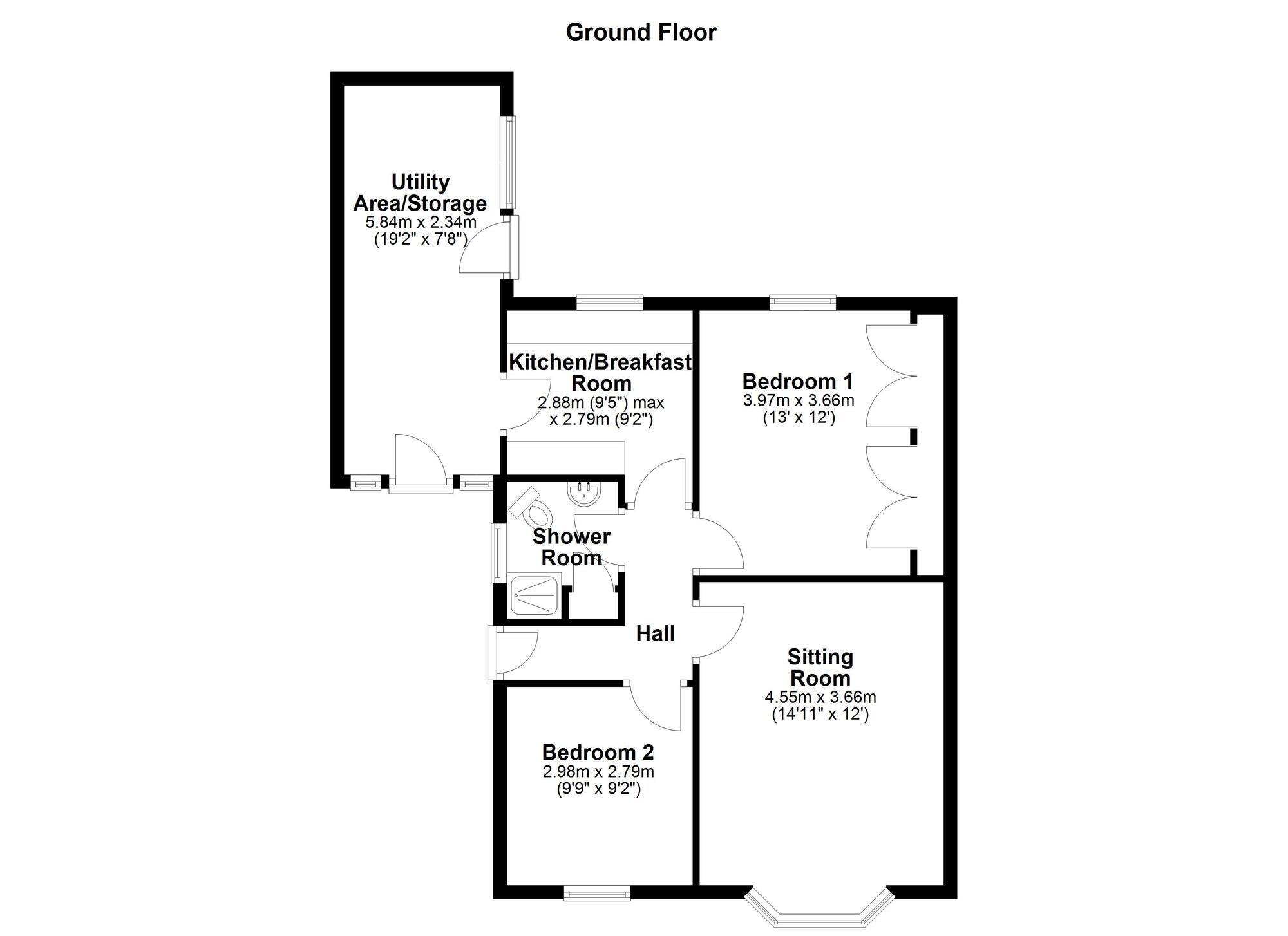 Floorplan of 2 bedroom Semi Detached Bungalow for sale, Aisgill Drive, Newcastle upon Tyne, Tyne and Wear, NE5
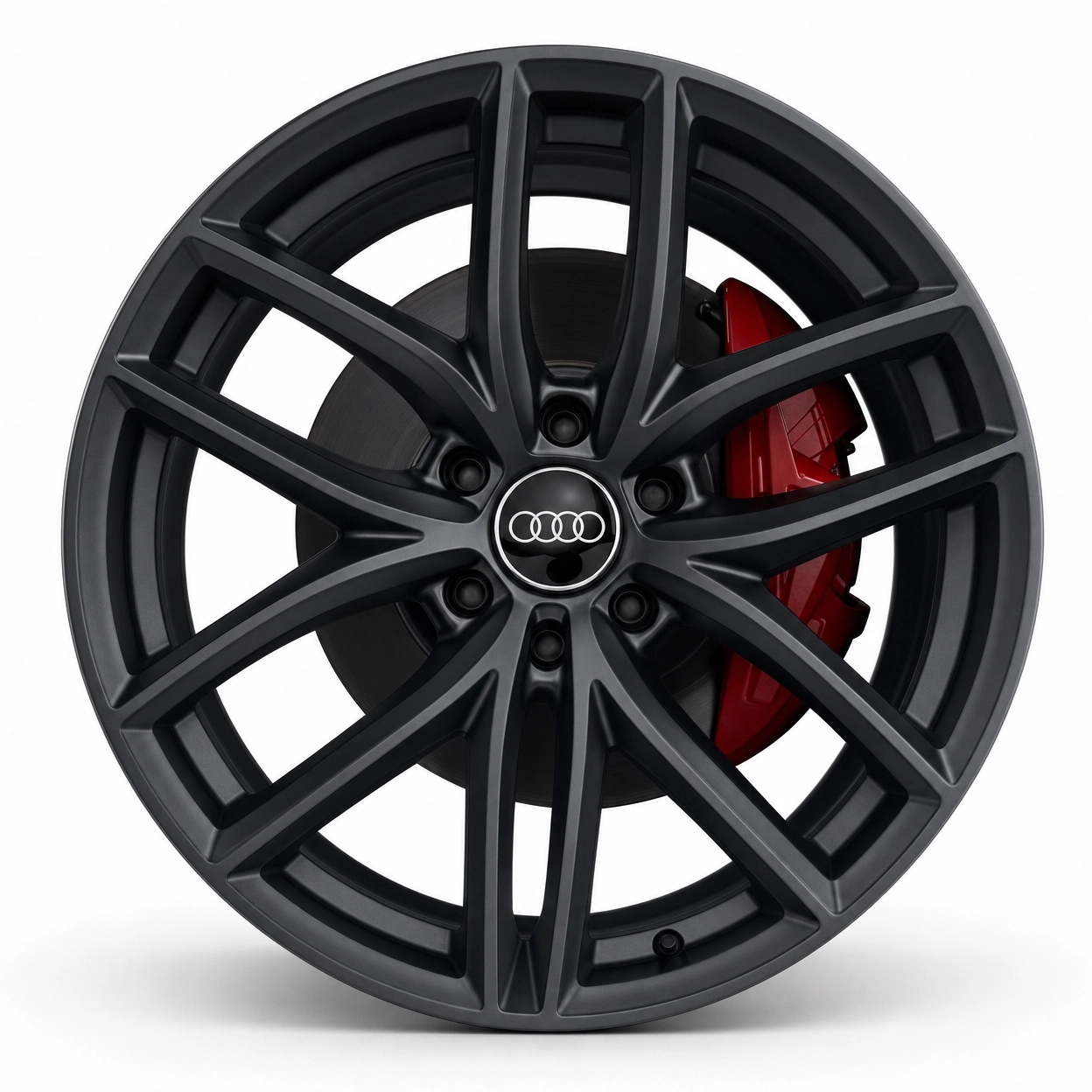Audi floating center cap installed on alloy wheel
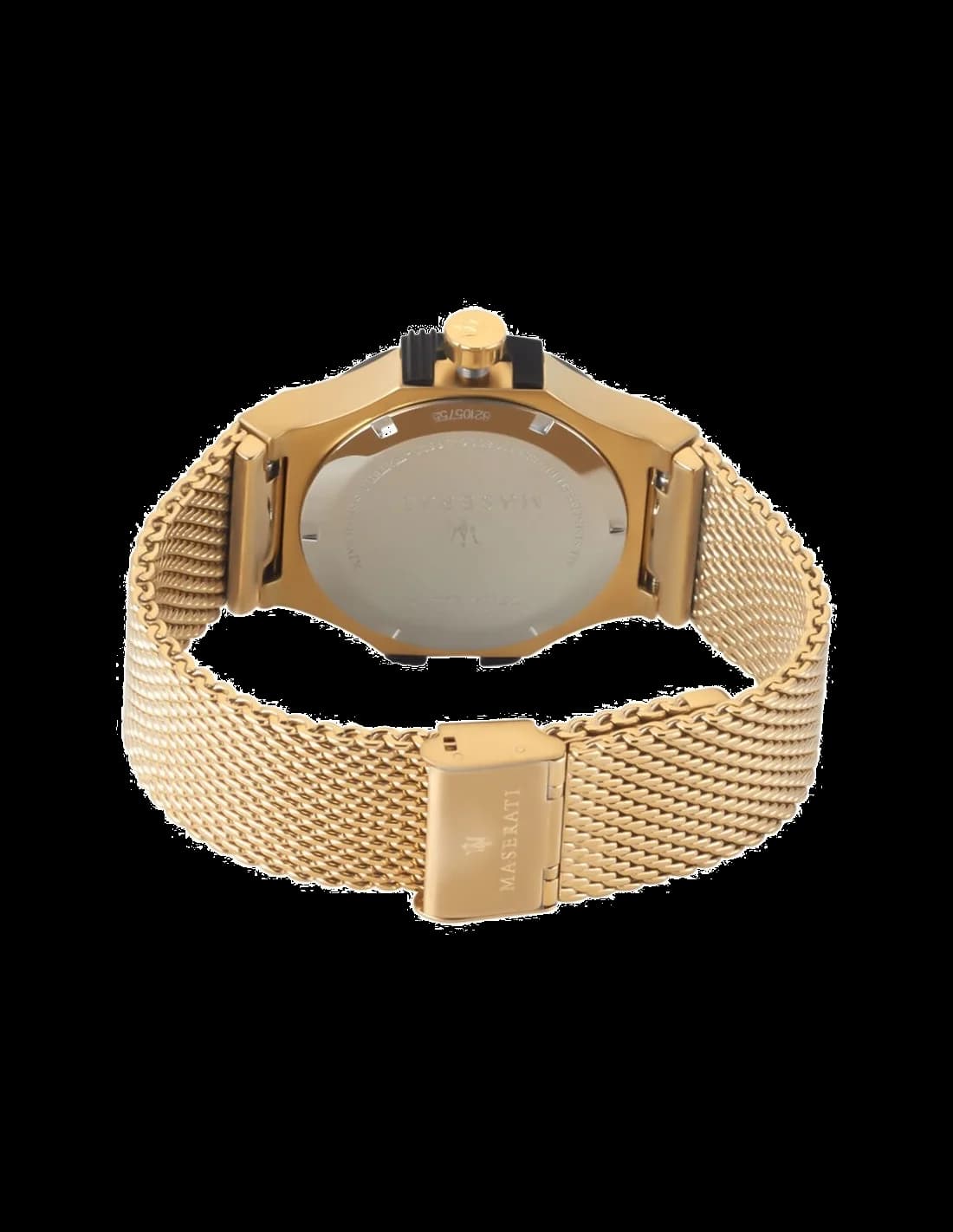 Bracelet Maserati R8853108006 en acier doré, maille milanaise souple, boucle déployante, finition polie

What you will do: Could you copy the listing above exactly, without its pictures?

Your solution:
 Floorplan of 2 bedroom Semi Detached Bungalow for sale, Aisgill Drive, Newcastle upon Tyne, Tyne and Wear, NE5
Audi floating center cap installed on alloy wheel
 Bracelet Maserati R8853108006 en acier doré, maille milanaise souple, boucle déployante, finition polie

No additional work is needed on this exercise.